◆ **Task description**
Everything from the line containing "Mercedes-Benz CLS63 AMG" through the final line below must be output exactly, both ends included, with nothing else and no pictures.

◆ **Dataset excerpt**

__________

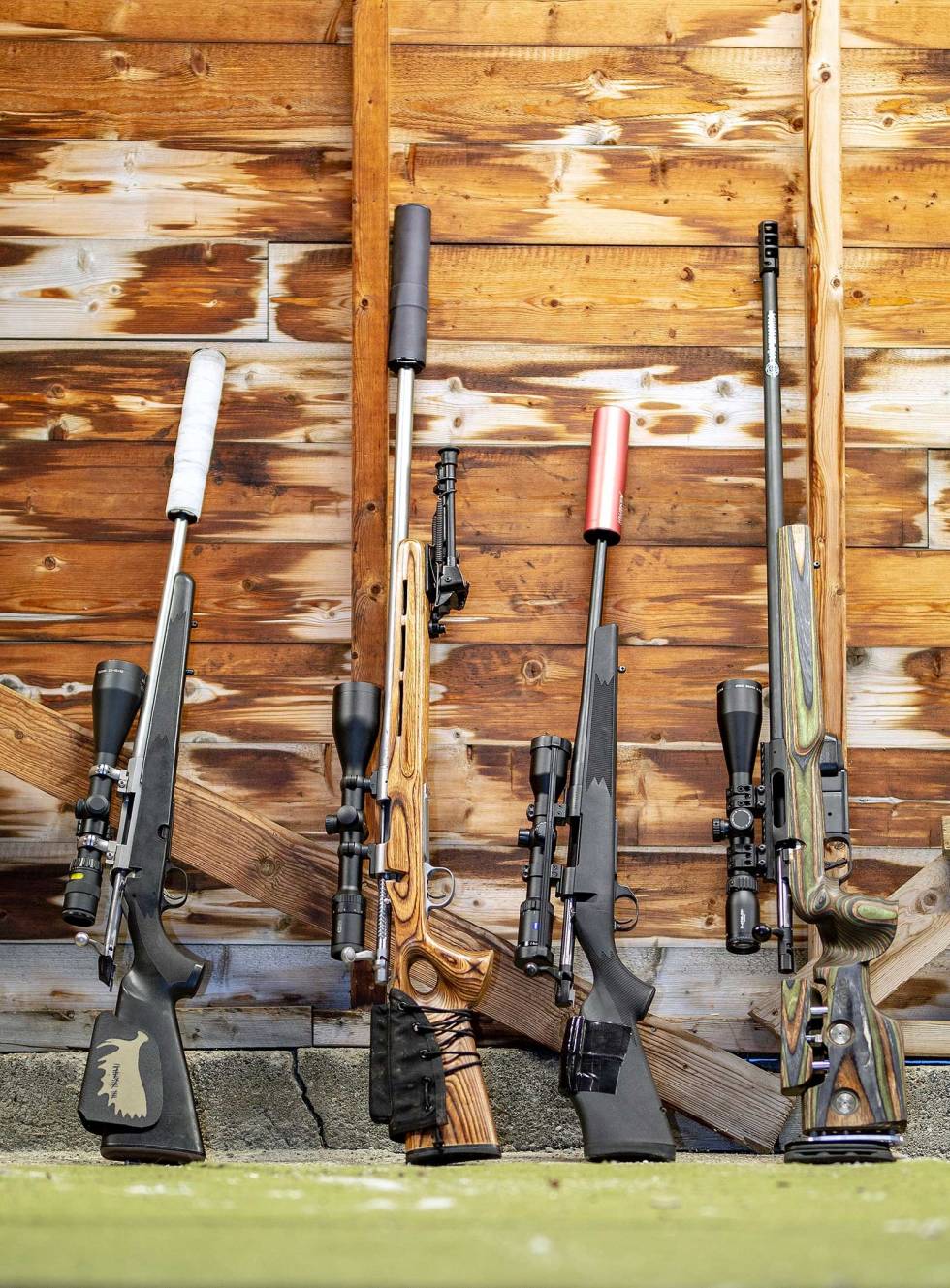UTEN JERNSIKTE: Original Tikka M595 og hjemmelagd plastforhøyer, Remington 700 med tommelhullstokk og kolbeforhøyer av tøy, Weatherby Vanguard Compact med skumplast og gaffa, og Sauer 200STR med GRS-stokk. Ingen av dem selges originalt med sikter som stokkene jo er bygd for. Kolbetilpasning-7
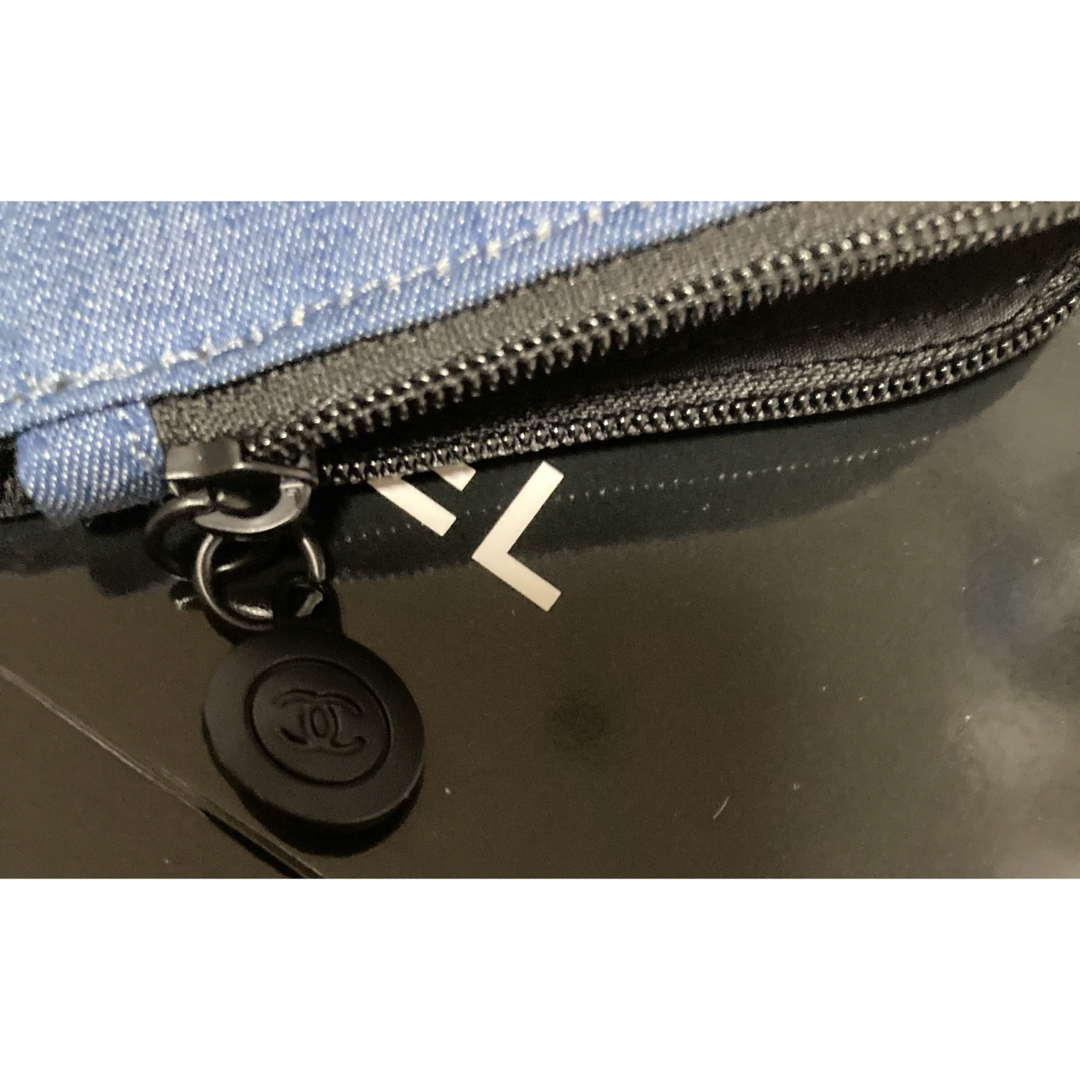 CHANEL - CHANEL デニムポーチ ノベルティ 新品未使用 の通販 by CHANEL - CHANEL デニムポーチ ノベルティ 新品未使用 の通販 by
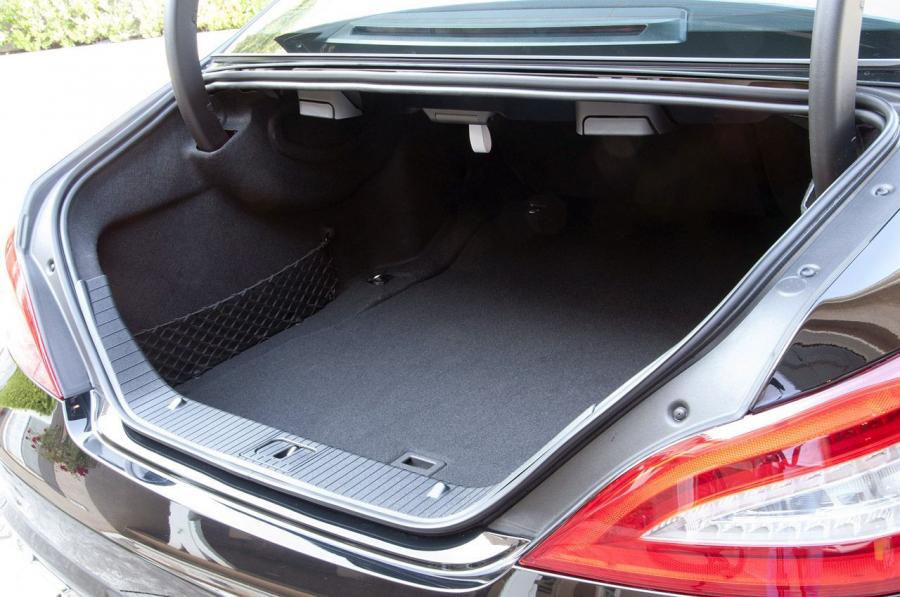  Mercedes-Benz CLS63 AMG 2012 года  (фото 7 из 62)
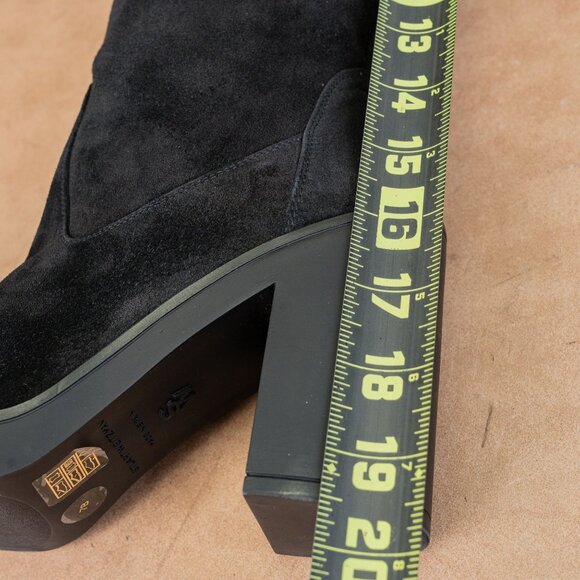 Stuart Weitzman Women Bethany Black Suede Square Toe Zip Fashion Boots sz 7 - Picture 8 of 10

__________

◆ **Answer space**
  Mercedes-Benz CLS63 AMG 2012 года  (фото 7 из 62)
 Stuart Weitzman Women Bethany Black Suede Square Toe Zip Fashion Boots sz 7 - Picture 8 of 10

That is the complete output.